The trouble is that whatever the character and content of the subsequent story may be, whether it is played in private or public life, whether it involves many or few actors, its full meaning can reveal itself only when it has ended. In contradistinction to fabrication, where the light by which to judge the finished product is provided by the image or model perceived beforehand by the craftsman’s eye, the light that illuminates processes of action, and therefore all historical processes, appears only at their end, frequently when all the participants are dead. Action reveals itself fully only to the storyteller, that is, to the backward glance of the historian, who indeed always knows better what it was all about than the participants. All accounts told by the actors themselves, though they may in rare cases give an entirely trustworthy statement of intentions, aims, and motives, become mere useful source material in the historian’s hands and can never match his story in significance and truthfulness. What the storyteller narrates must necessarily be hidden from the actor himself, at least as long as he is in the act or caught in its consequences, because to him the meaningfulness of his act is not in the story that follows.
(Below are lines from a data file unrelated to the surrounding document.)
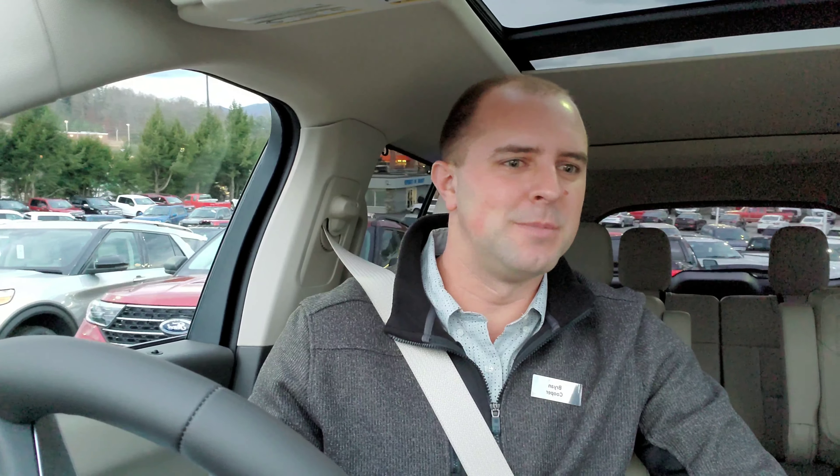This is the craziest thing ever. Now it's going to go into reverse. I'm hovering my foot on the brake — this is the first time I've done this, so I want to make sure I don't damage something. But my hands are off the steering wheel; it is doing all this stuff on its own.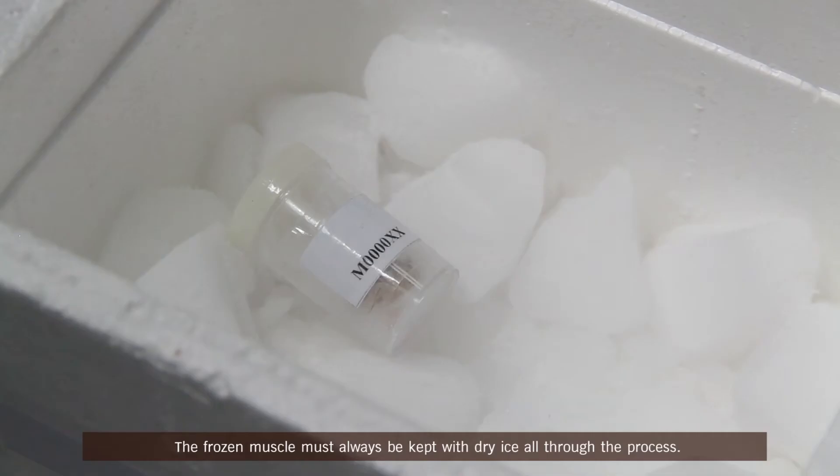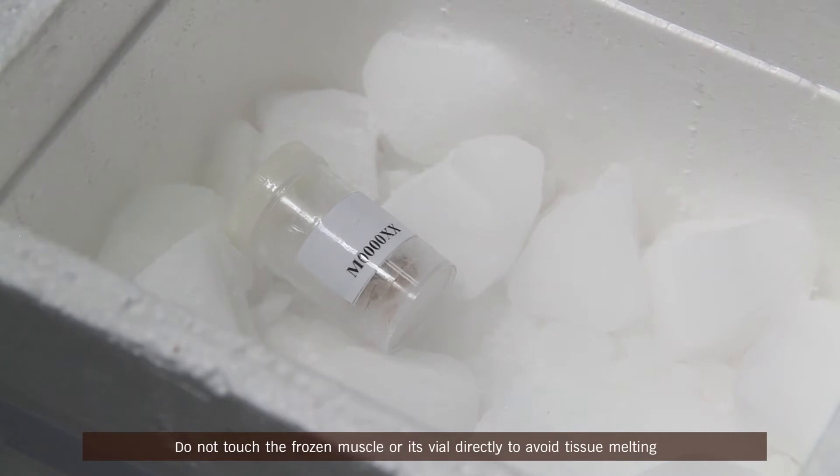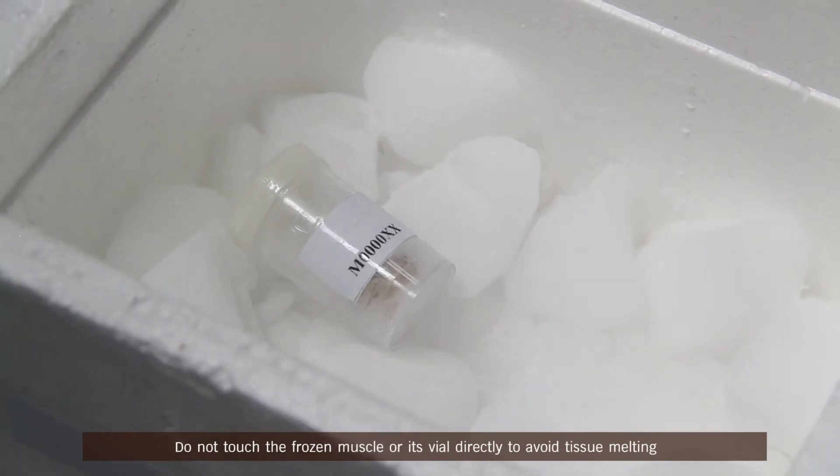The frozen muscle must always be kept with dry ice all through the process. Do not touch the frozen muscle or its vial directly to avoid tissue melting.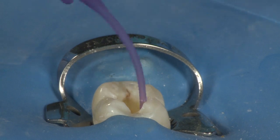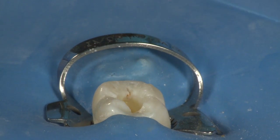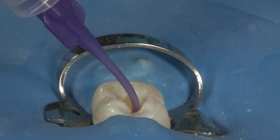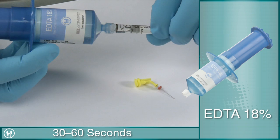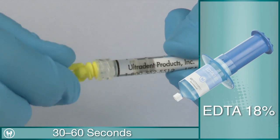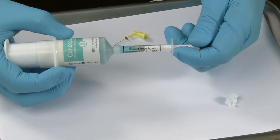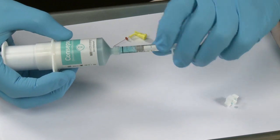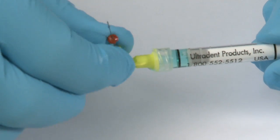Now that the instrumentation is finished, a final irrigation procedure will complete the cleaning and preparation of the canal for obturation. Load a 1.2-milliliter syringe with liquid EDTA 18% from the Indispense syringe and attach a 30-gauge Navi tip. Next, load a 1.2-milliliter syringe with Consepsis 2% chlorhexidine gluconate, and attach a 30-gauge Navi tip.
Even though stories are the inevitable results of action, it is not the actor but the storyteller who perceives and “makes” the story. (The Human Conditon, p.192)

Even if Ida had continued her analysis to a point at which she came to see in her story the meaning that Freud was later to give it, this would not constitute a logical endpoint for her analysis, since in the meantime she would have continued to act, and to speak about her actions to Freud, thereby giving rise to other meanings that would always run ahead of her, so to speak. But that certainly does not render her analysis meaningless, since, to use Arendt’s expression, to the analysand, the meaningfulness of her act is not in the story that follows, but in the act of disclosure itself. By disclosing her story to Freud in the para-private space of his consulting room, Ida succeeds, for perhaps the first time in her life, in speaking freely. And this is what Freud, despite all his nineteenth century sexist prejudices, enables her to do, not by reason of any particular genius on his part, but primarily by the mere fact of creating a kind of pseudo-public space, which is not a perfect substitute for that properly public space provided by the Athenian agora, but is not a mere simulacrum either. It is a space where Ida can both speak freely and achieve a heroic distinction — which are “the greatest achievements of which human beings are capable” (The Human Condition, p.206).

It is for this reason that psychoanalysis, like politics in the original Greek sense of the term, can never be reduced to a technique, a technë, like medicine or navigation. Unlike these arts, in which the product (health, arriving safely at one’s destination) is distinct from the process, in psychoanalysis and politics, as in the performance of the dancer or play-actor, the “product” is identical with the performing act itself. And even though her analysis was very brief by most standards, it was long enough for Ida to give the performance of a lifetime — one which Freud rightly regarded as suitable material for his first “full-length” case study, a modern epic poem.

Freud’s first “full length” case study.